Espera-se que, nesta ocasião, a Corte Interamericana chegue à mesma conclusão e que, ao estabelecer a nulidade da Lei de Anistia de 1979, obrigue o Estado brasileiro a adotar medidas que contribuam com a revelação da verdade sobre os crimes cometidos contra membros da Guerrilha do Araguaia e certificar-se de que todos os supostos responsáveis por tais atos compareçam perante tribunais de justiça regulares para que sua responsabilidade penal individual seja determinada. Da mesma forma, a Corte deveria determinar amplas medidas de reparação, em conformidade com os "Princípios e diretrizes básicas sobre o direito das vítimas de violações manifestas das normas internacionais de direitos humanos e de violações graves do direito humanitário internacional de interporem recursos e de obterem reparações".

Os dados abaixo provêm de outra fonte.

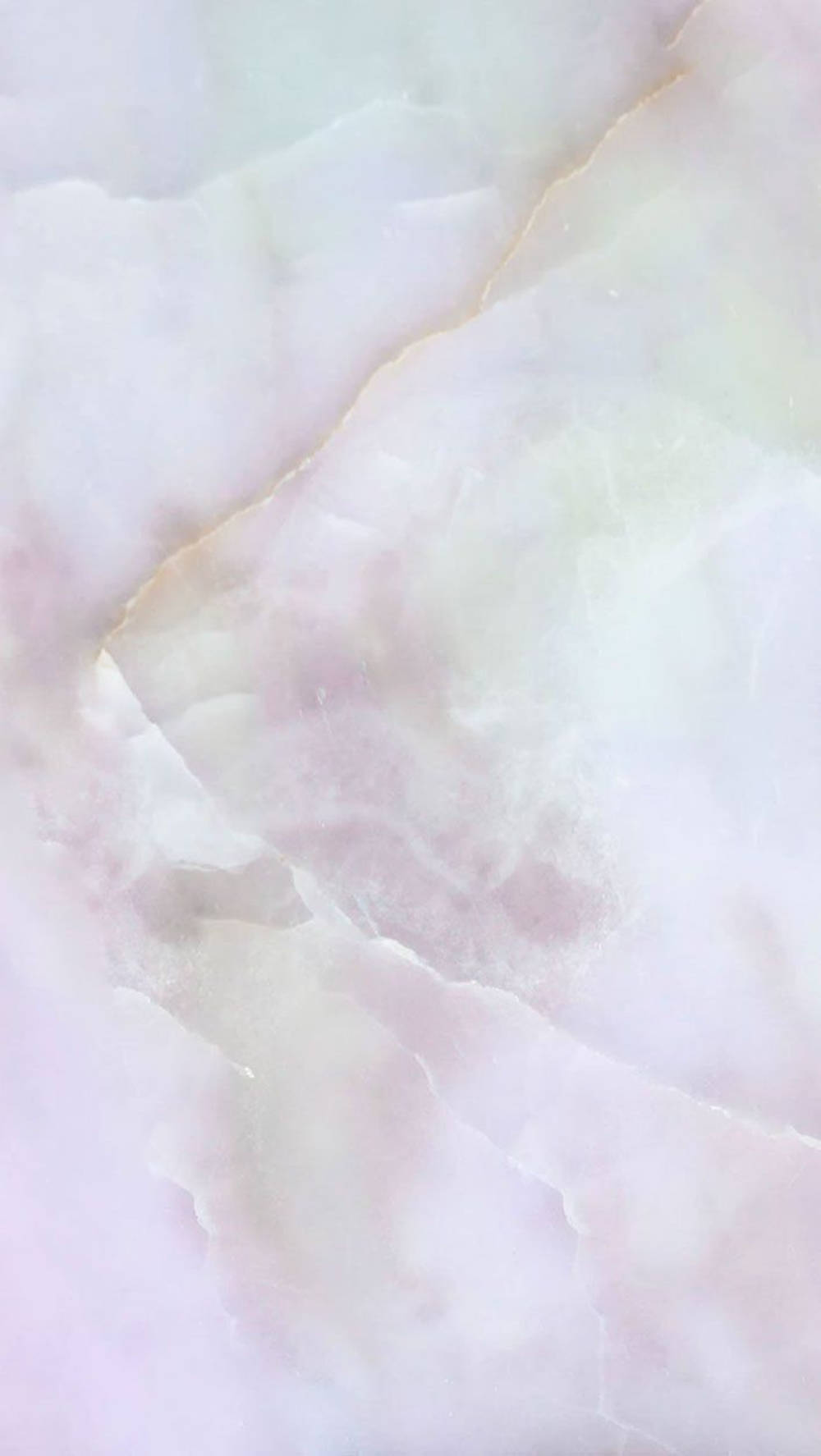 粉紅色和白色大理石特寫，帶有金色紋理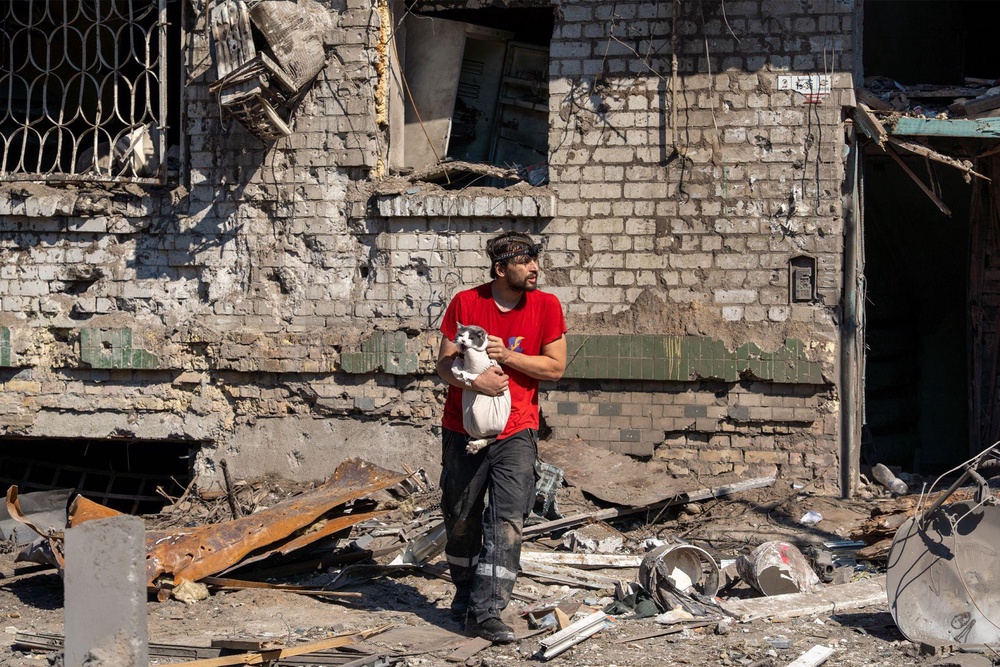 An animal rescuer rushes a cat out of a destroyed apartment block in Darnytsia, Kyiv (Tom Watling)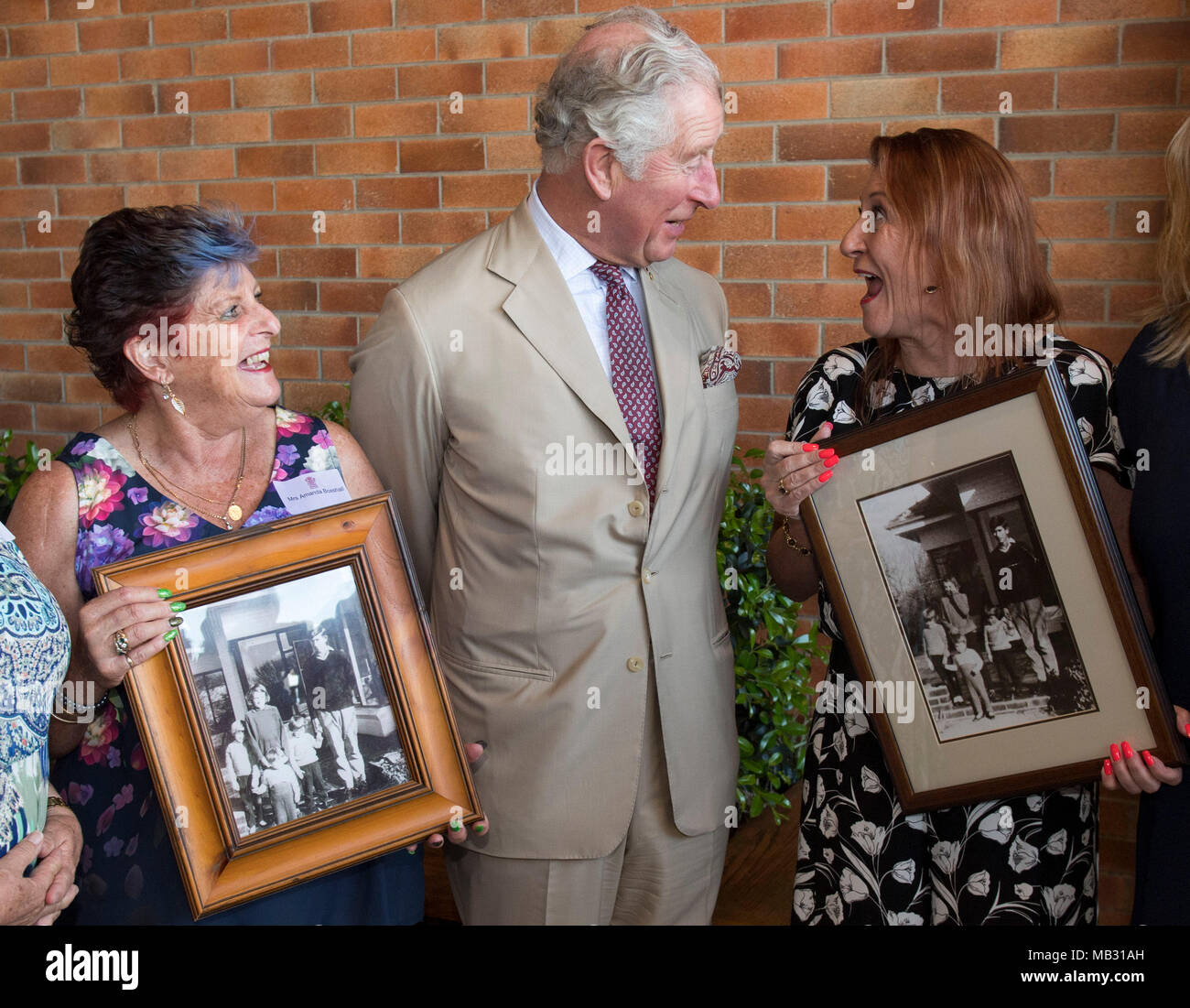 The Prince of Wales meets sisters he boarded with when he was 17, in Geelong, Victoria where he went to school, (Left to right) Jane Tozer and Amanda Boxhall during a tour of the Bundaberg Rum Distillery. Stock Photo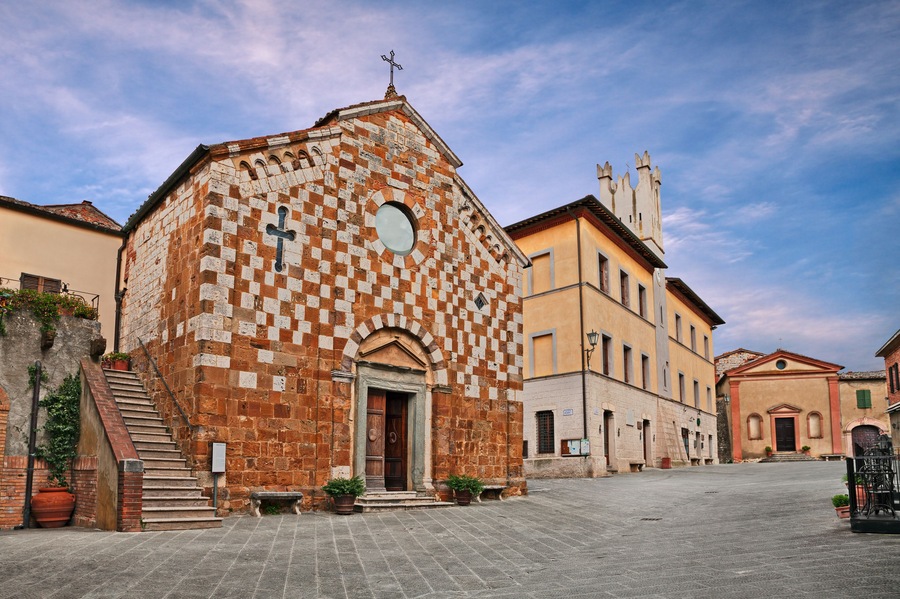 Trequanda, Siena, Tuscany, Italy: the ancient square with the medieval church and the town hall in the old town of the Tuscan village; Shutterstock ID 1473406058; Purchase Order: -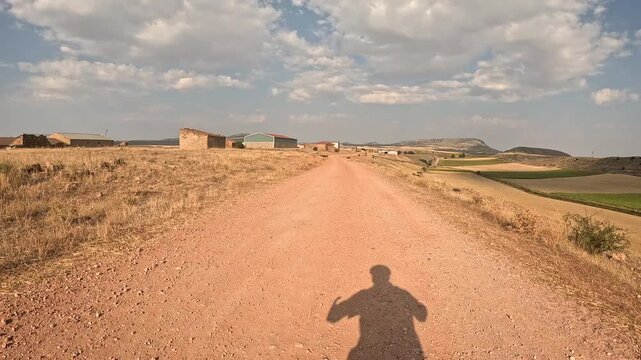 dirt road entering Reznos village, comarca of Campo de Gomara, province of Soria, Castile and Leon, Spain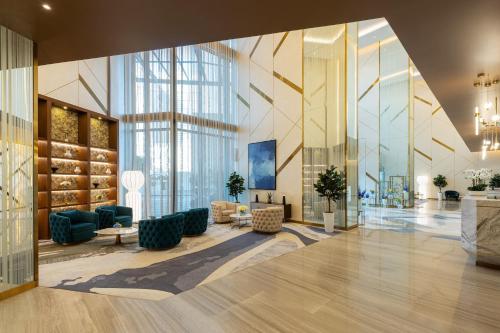 - un hall d'un immeuble avec des chaises et des tables dans l'établissement DAMAC Maison Aykon City Dubai, à Dubaï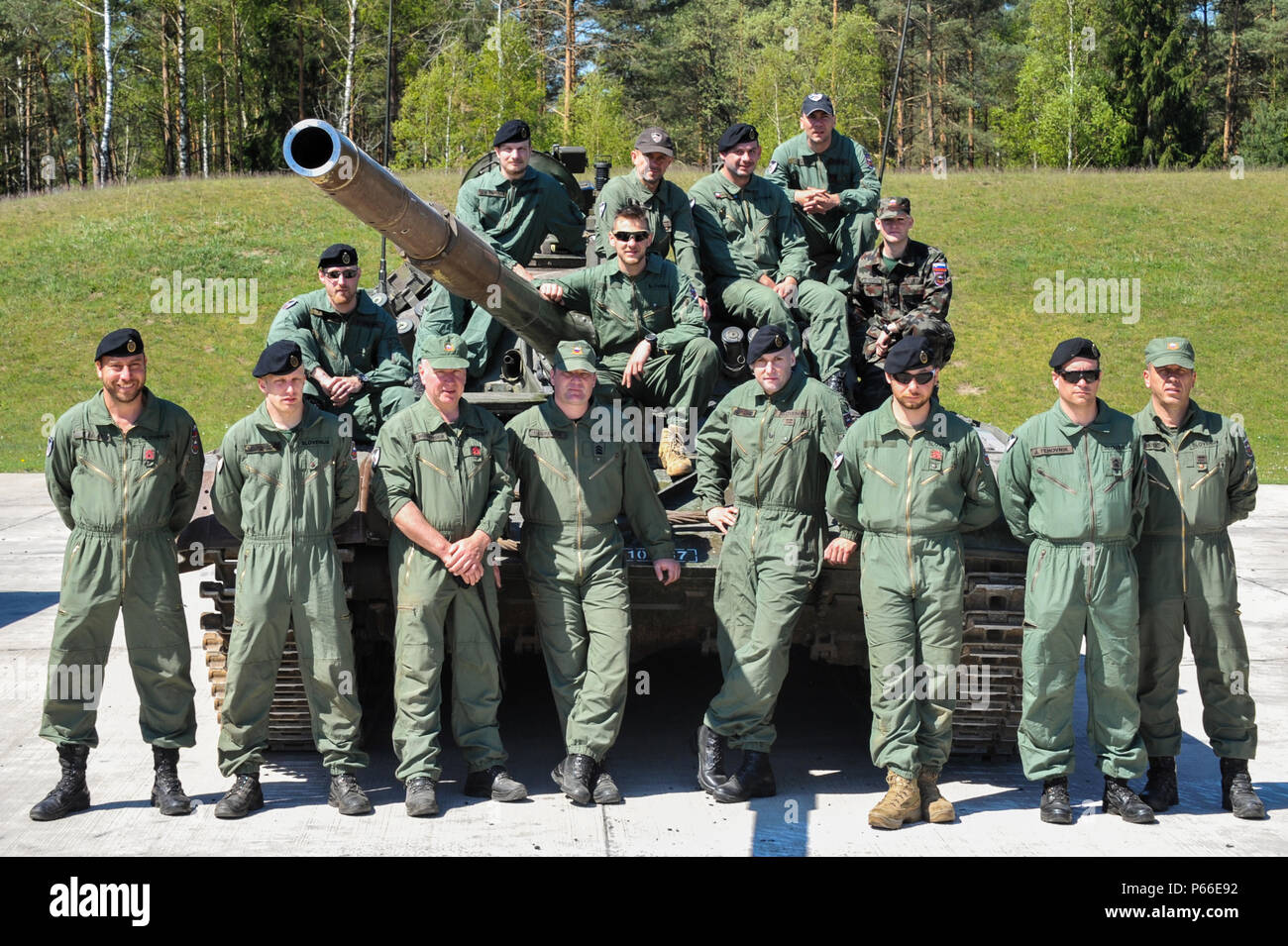 Soldiers from Slovenia participating in the Strong Europe Tank Challenge (SETC) pose for a group photo May 08, 2016 at Grafenwoehr Training Area, Germany. The SETC is co-hosted by U.S. Army Europe and the German Bundeswehr May 10-13, 2016. The competition is designed to foster military partnership while promoting NATO interoperability. Seven platoons from six NATO nations are competing in SETC - the first multinational tank challenge at Grafenwoehr in 25 years. For more photos, videos and stories from the Strong Europe Tank Challenge, go to http://www.eur.army.mil/tankchallenge/ (U.S. Army pho Stock Photo
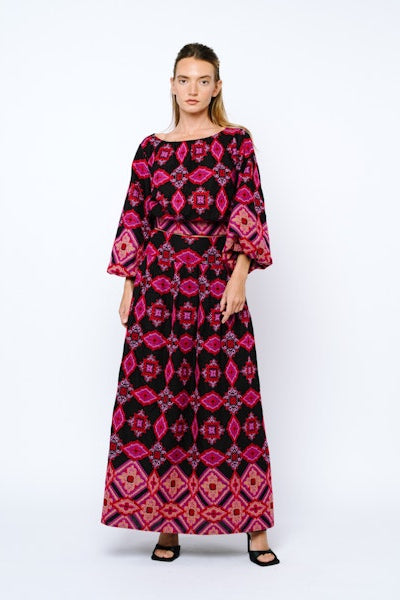 Woman wearing a long, patterned dress with pink and black design on a white background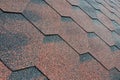 The texture of the roof with bituminous coating. Rough bituminous mosaic of red and brown flowers. Waterproof roofin Royalty Free Stock Photo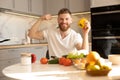 Man showing biceps muscles and peppers at table Royalty Free Stock Photo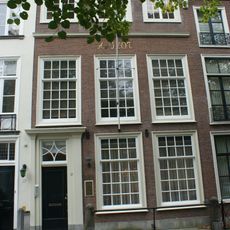 Pand met in latere tijd verhoogde gevel met versierde deurpartij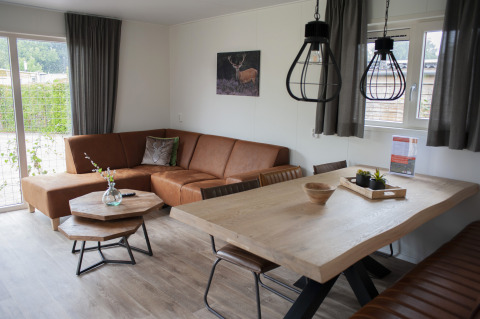 Sala moderna en Veluwelodge XL del Holiday park De Boshoek, Países Bajos, con sofá de cuero y mesa de madera.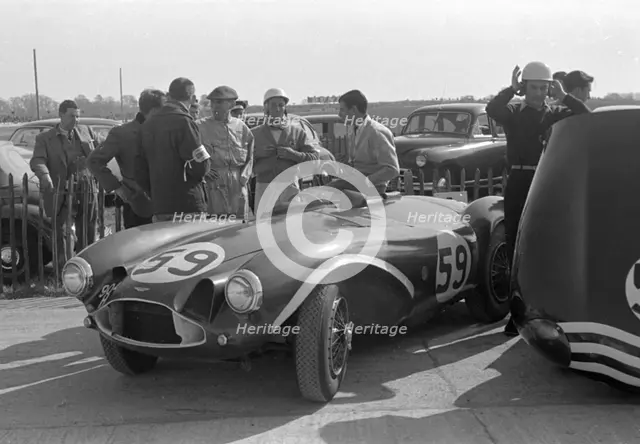 Aston Martin DB3S, Stirling Moss in paddock at Goodwood International Sports Car Race 1956. Creator: Unknown.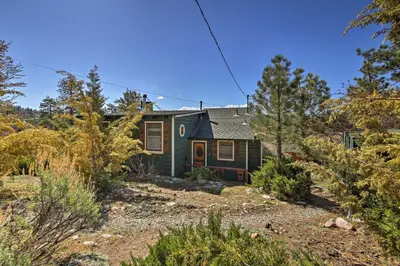 a green house in the middle of a yard at Walk to Lake Cabin with Deck and Views in Fawnskin in Fawnskin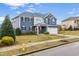 Charming two-story home featuring blue siding, a well-manicured lawn, and a two-car garage at 709 Teal Lake Dr, Holly Springs, NC 27540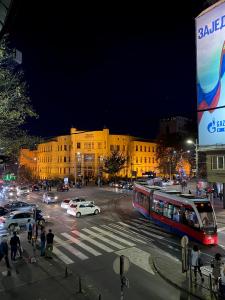 eine belebte Stadtstraße mit Bus und Auto nachts in der Unterkunft Grand Royal in Belgrad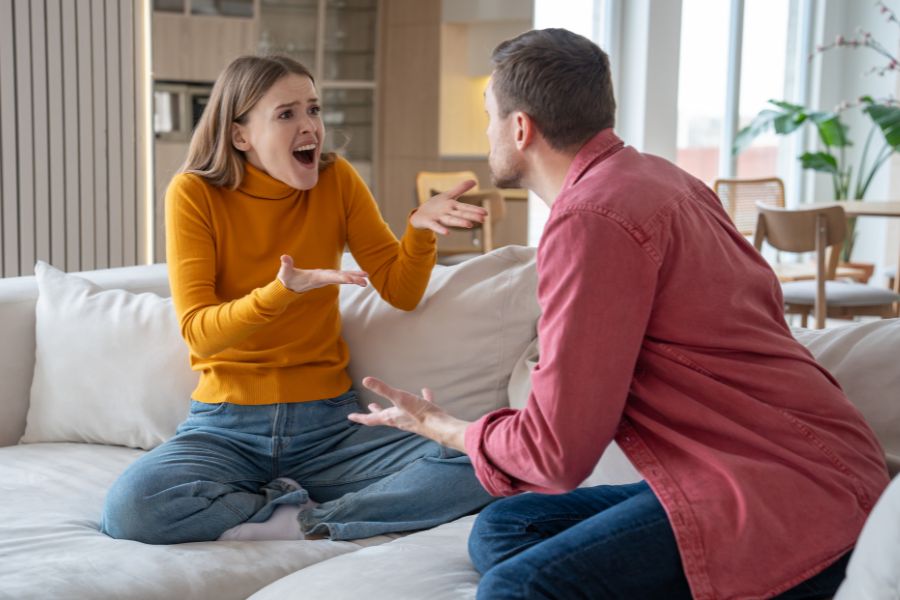 Two people are having an argument on a couch.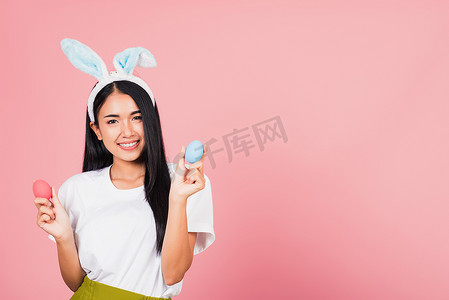 耳钉摄影照片_戴着兔耳微笑的女人手上拿着彩色复活节彩蛋礼物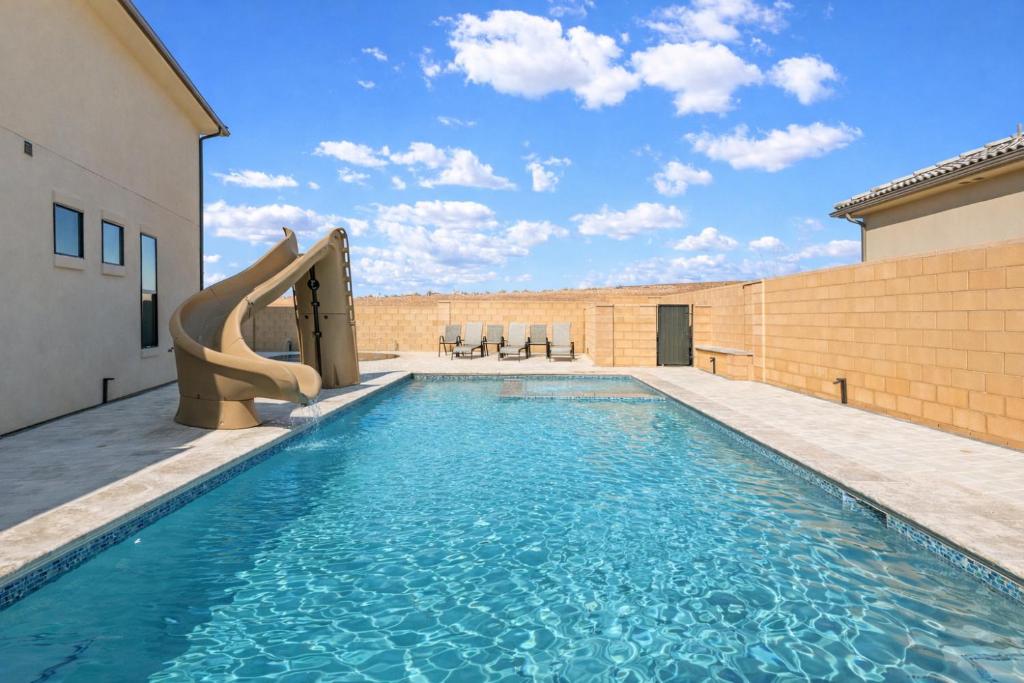 a swimming pool with a slide in a building at Splash and Putt Paradise home in Washington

Em resumo, a Anistia Internacional considera que, em conformidade com a jurisprudência da Corte nessa matéria, a qual não deveria variar, a decisão proferida no caso em apreço deva consagrar que o Brasil não possa argumentar haver qualquer lei ou disposição em seu direito interno que o exima da ordem da Corte para investigar e punir os responsáveis pelos crimes cometidos contra a Guerrilha do Araguaia. Tal decisão deveria ainda garantir que o Brasil não possa voltar a aplicar a Lei de Anistia de 1979, nem argumentar sua prescrição, ou a não-retroatividade da lei penal, nem o princípio ne bis in idem, tampouco qualquer excludente de responsabilidade similar, para eximir-se de seu dever de investigar e de punir os responsáveis.